Kimonos & Eye Patches
I imagine you haven't thought of Japanese kimonos and eye patches at the same time before. There is a connection however, in that both the impractical but beautiful kimono, and the practical but ugly eye patch are less and less in evidence in 21st century Japan. Eye patches were much in evidence in the eighties, but usage has dropped off for whatever reason.
     Questions - why were the eye patches used in the first place and why has the usage been discontinued? Who knows! Who cares! The best way to get along in Japan is not to ask questions unless you absolutely have to, and no sooner would you ask an eye patch wearer why they're wearing a patch than you would ask a tree why it has leaves of an unusual shape.

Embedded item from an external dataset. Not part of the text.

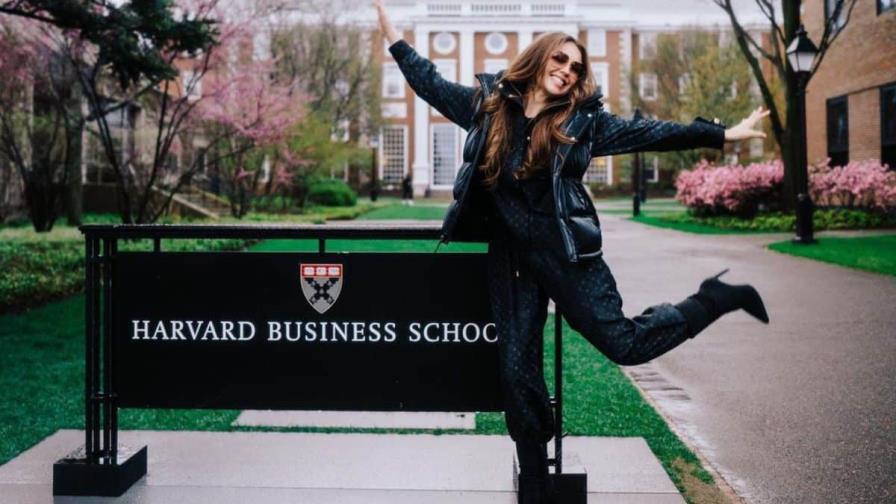 Thalía cumple el sueño de su padre de ir a Harvard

                                                              Kimono, by LHS, ITG, Tokyo
The reason I and the others were in Itoya in Ginza... (I must protest against the usage of the term "The Ginza" by the way - Ginza is, after all, an area name, like Aoyama, Shibuya, Shinjuku, Marunouchi, etc. Ginza is a nice area to be sure, but it doesn't need "The"). I was there to shop at Itoya - probably the best-known store in Tokyo to buy schedulers (organizers, planers, whatever - the paper kind), with both local and imported versions. Older men come in looking for a type they've used for decades which are becoming harder to find; women come in to get fashionably exotic imported ones from France and Italy, and yours truly comes in to get the same type he's been using for over ten years now - one of the few compact ones with maps of the world at the back.
      The moment I realized the importance of schedulers is still etched sharply in mind:
      1984 - I was standing on a street in Shinjuku talking with a J-friend and we agreed to meet up in three weeks' time. Schedulers were taken out and the date and time duly noted. After I had written the time and date in my own scheduler, I said, "Okay - I'll call you a couple of days beforehand to make sure the time is still okay."
      My friend then said that no such call was necessary. Surprised to hear that, I raised my eyebrows and said, "Even after three weeks?!?" and I can still see the expression on her face ("Must be patient with foreigners - they don't honor time as much as we do...") as she reassured me that no confirmation would be needed and that she would see me in three weeks at precisely the agreed-upon time.
      I was skeptical, but I went to the agreed-upon place (this was before cell phones after all) three weeks later, and there she was - like clockwork. After seeing that people always kept their appointments, I came to place some trust in schedules. Once it's in the scheduler, it's very rarely changed and, if it is, there is ample advance warning given with profuse apologies.
      I bring all this up to shed some light on the importance of people's schedulers, which also double as address books and desk references. Buying a new scheduler is as much an end-of-year rite as Christmas shopping and getting ready for the biggest holiday of the year - New Year's.